Given information
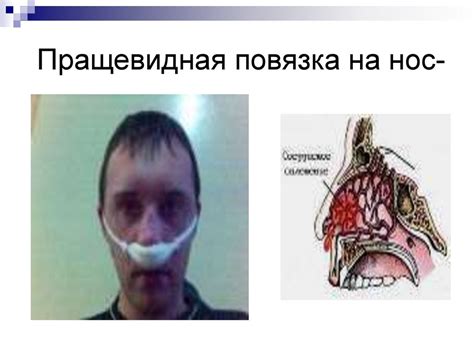 Десмургия - презентация онлайн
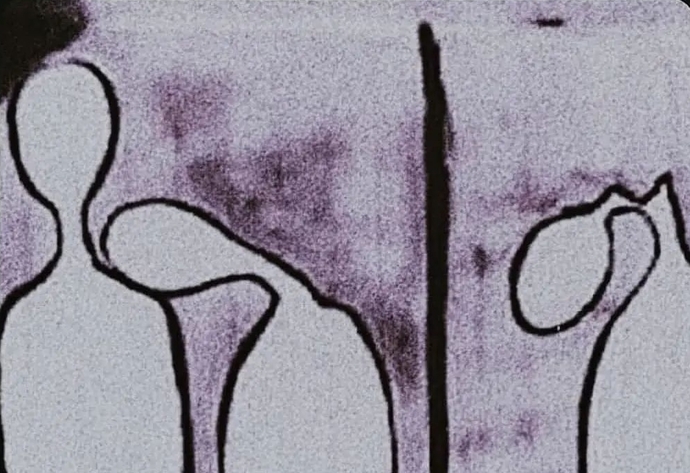 Antidepresan kullanımının artması hakkında ne düşünüyorsunuz?
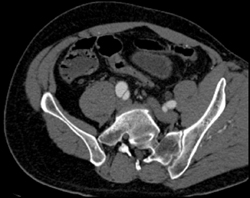 Aortic Dissection - CTisus CT Scan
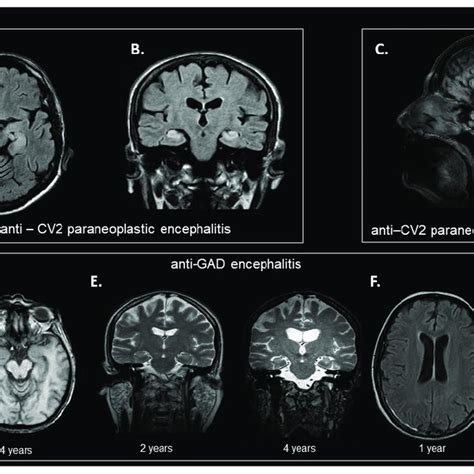 Representative Mri Findings Of Our Study Cohort Ab Brain Mri From A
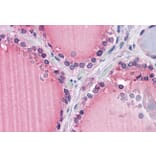 Immunohistochemistry - Anti-Frizzled 9 Antibody (A84509) - Antibodies.com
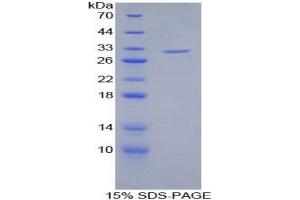 SDS-PAGE analysis of Human Filamin C gamma Protein. (FLNC Protéine)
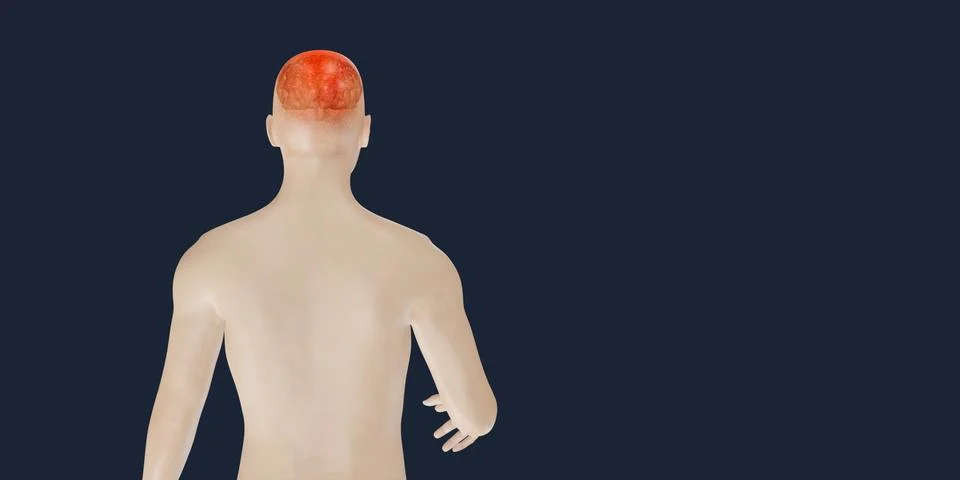 Headache brain system problems skull pain face man showing headaches 3d Illustrazione stock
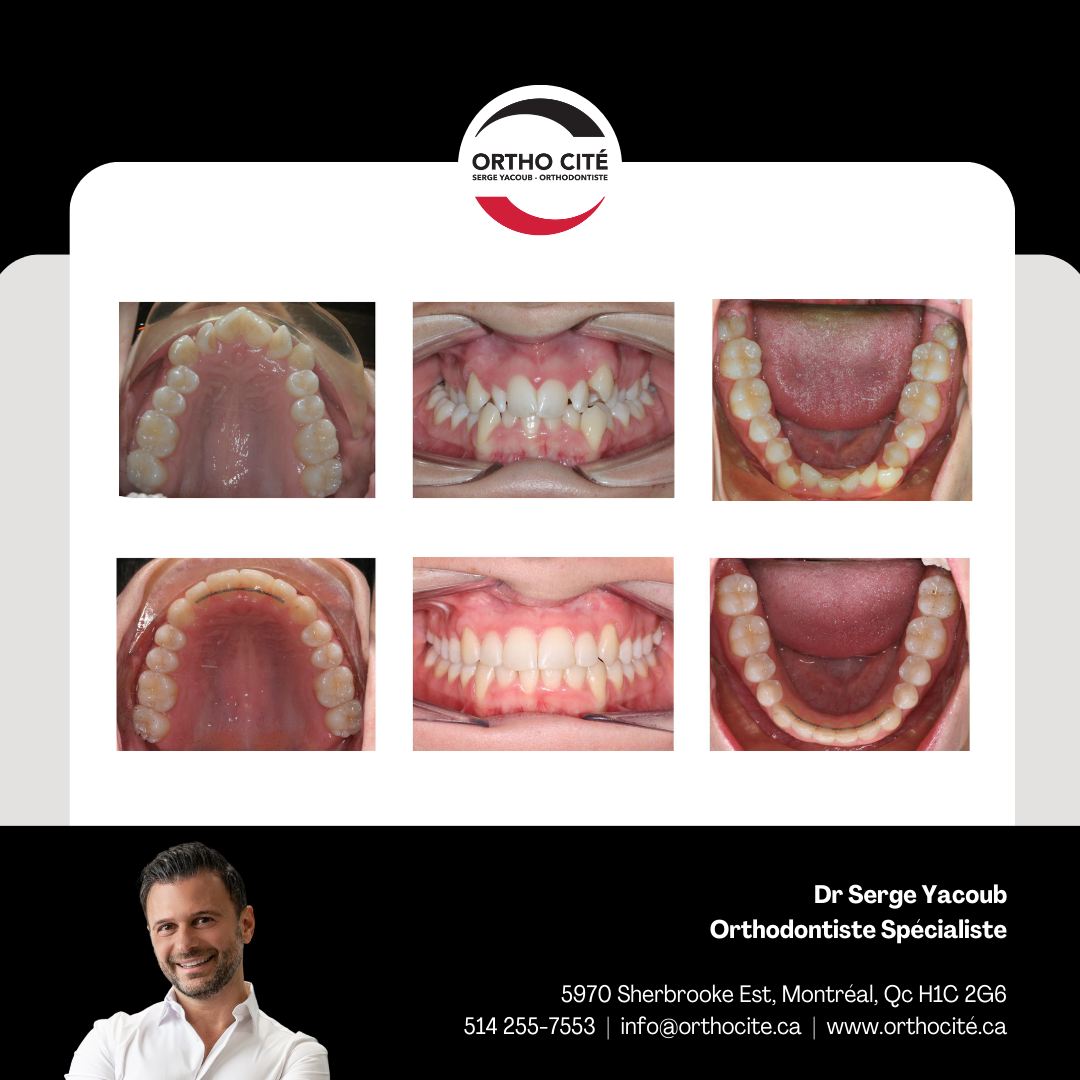 #findetraitement
Constriction du maxillaire supérieur traité par expansion palatine & alignement dentaire.
.
#endoftreatment
Constriction of the upper jaw treated by palatal expansion & dental alignment.
.
#orthocité #drsergeyacoub #orthodontiste #montréal #smiledesign #orhtomtl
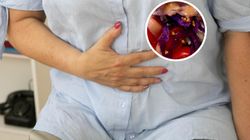 Ból jelit i wzdęcia? Winne mogą być te warzywa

What the task requires
Search the listing above for the string "expansion" and copy each line that has it.

Task response
Constriction du maxillaire supérieur traité par expansion palatine & alignement dentaire.
Constriction of the upper jaw treated by palatal expansion & dental alignment.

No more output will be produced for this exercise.